I'm not Christian... I used to be but there were too many loose ends that didn't make sense to me. I don't really know what I am at the moment; I believe God exists in one form or another but I really don't think It cares about us on a personal level.

This being said, I don't think that lessens our calling to care for one another. In the end, God is intangible; we are all we have. I think our highest purposes are found in helping others, in doing what we can to ameliorate someone else's pain.

I also know that I fall short of that standard. A friend, a neighbor recently suffered a death in the family. I found out immediately but could not bring myself to cross the street to console her or to offer my apologies. I was awkward and helpless when it came to facing death in my own family when my father died a couple of years back; I was awkward and helpless when it came to dealing with her loss. Even though I loved her and knew that my silence was hurting her, I could not go over.

I'd like to think that I'd be there if a friend needed me, but in reality, I'd probably be "too busy", or help out but feel put-upon and inconvenienced at the same time. How to reach the selfless spirit that Arzu's friend S demonstrated when the neighbor he barely knew requested his help?

I also know that if the shoe were on the other foot, I would suffer alone and in silence rather than ask anyone for help, thereby inconveniencing them.

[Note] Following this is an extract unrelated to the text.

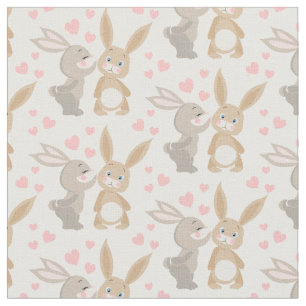 Bunte verliebte Kaninchen Stoff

I love the idea, the ideal, of community... where we all take care of each other. It seems like such an impossible goal, though. How do we get there from here?


lookinout said...

I think that the ability to offer sympathy takes practice. So does asking for help. I've improved on the first but not so much the second, and yet I'd more easily offer help because that's concrete and has less emotion (for me).
If you take yourself over there, despite your discomfort, you'll be glad in the long run. IMHO, you don't have to be fancy or know what to say. You just express sympathy and support.

Velda said...

I'm smack dab in the middle of this exact situation. I have found it incredibly difficult to ask for help. I have only asked for help from those who have come right out and said "ask me for help" -- it's been a process. The other night as I needed to go to ER, my first thought was "Who am I going to call who isn't going to be pissed off and who isn't going to say no" -- I called my sister, I was uncomfortable calling my sisters in law as they had taken me so many places during the day. It really does take practice as Gillian says. Another way you can offer support is to drop a card in the mail and tell them that if they need to talk they can call you, you'll be surprised how easy it will work out. (((hugs)))

Susan said...

Gillian... Almost two weeks after the death, I saw my neighbor outside and went over. (Why is ringing the doorbell so hard?!) I said the things that needed saying, but those silent two weeks were pretty big in both out minds, I think.

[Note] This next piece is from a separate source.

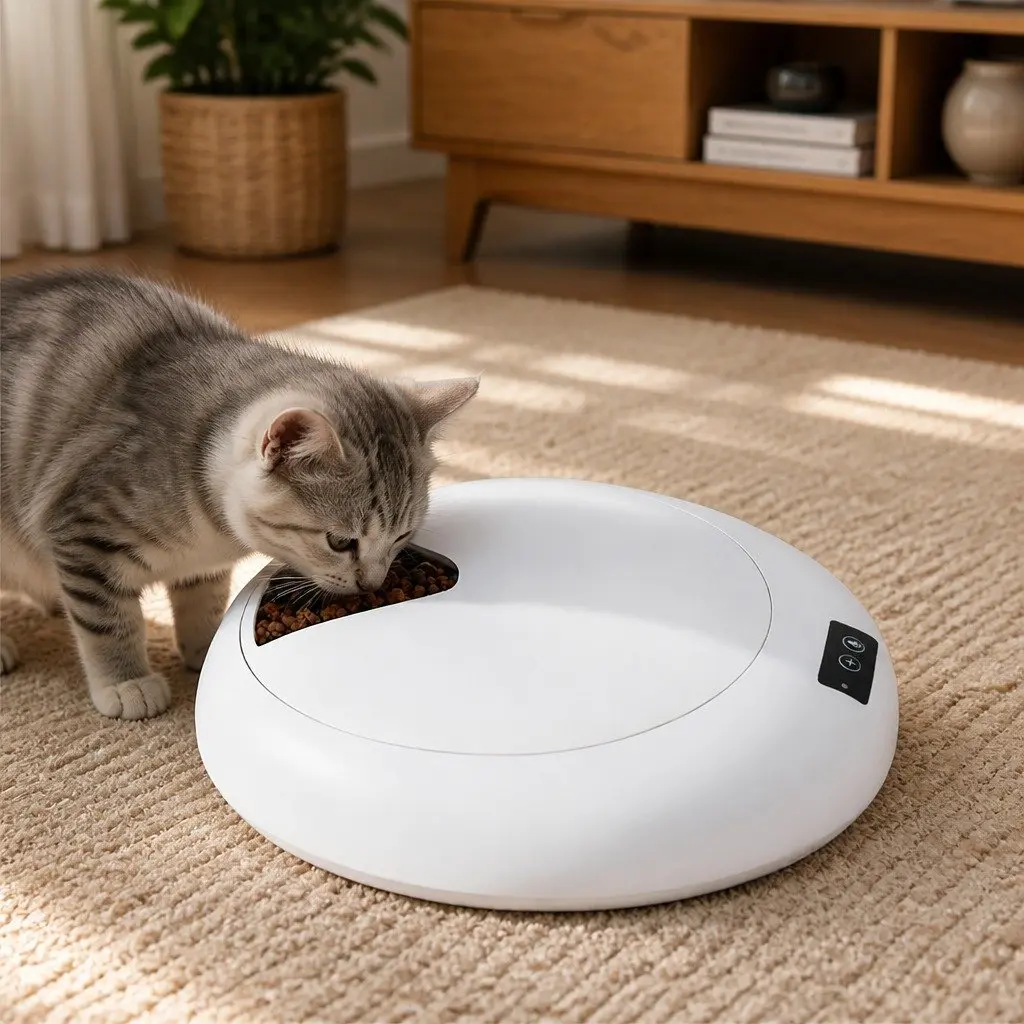 Automatic Pet Feeder Smart Timed Bowl Bluetooth App Control Six Meals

V... I wasn't thinking of you when I wrote the post, but you're right... you're living it. You're going to have to become quite comfortable with asking for help. That would be almost as hard as the disease itself, I think.

kate said...

I have found during the course of DD1's fight against Hodgkin's that most people actually don't mind doing something specific if you ask them directly rather than them having to try to figure out what you need and what to say. And, if you are able, to relate the request to soemthing they are already comfortable doing, i.e. make a meal if you know they are big on cooking anyway. You can quickly weed out the well-wishers and the really true supporters when you speak plainly about your needs.

Those who say 'give me a date and time' are the real gems, and those who say just give me a call about anything are secretly hoping you won't. So be plain and be bold! It will save you hours of agonizing.

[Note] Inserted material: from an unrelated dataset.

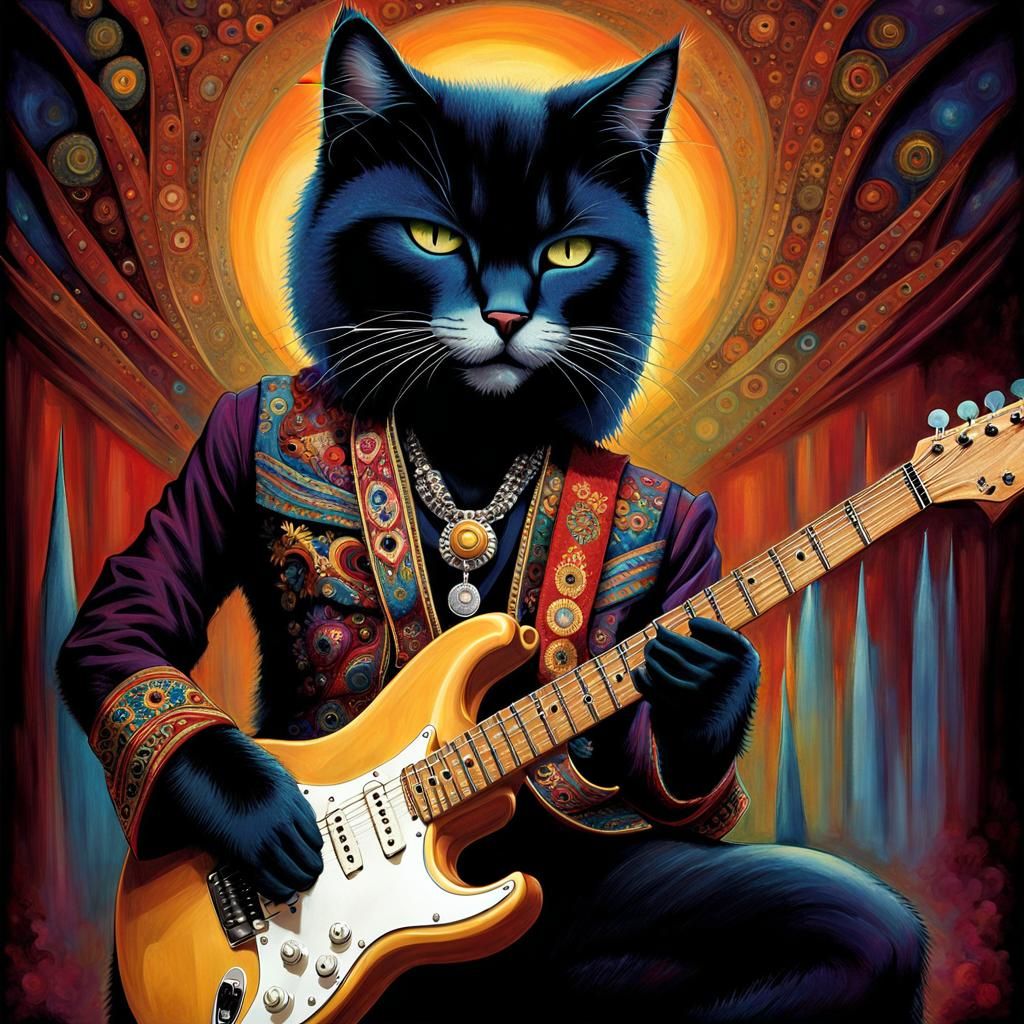 Cat Guitarist: Hendrix Tribute in Social Realism Style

Conversely, if you are unable to offer assistance, for the love of Santa Claus, don't say stuff like "if I can do anything, just call" - we know you think you are obligated to offer help, so please just don't make the offer. It is easier on everyone if you just express your good wishes for the best possible outcome to the problem in whatever form that is, and leave it a that.
Velda - we've never met and yet I find myself thinking of you often. Go boldly and make your mark and speak plainly each day now - you have all the reasons you will ever need to ask for what you and your family need, and now is the time.
I wish you great courage in the days to come.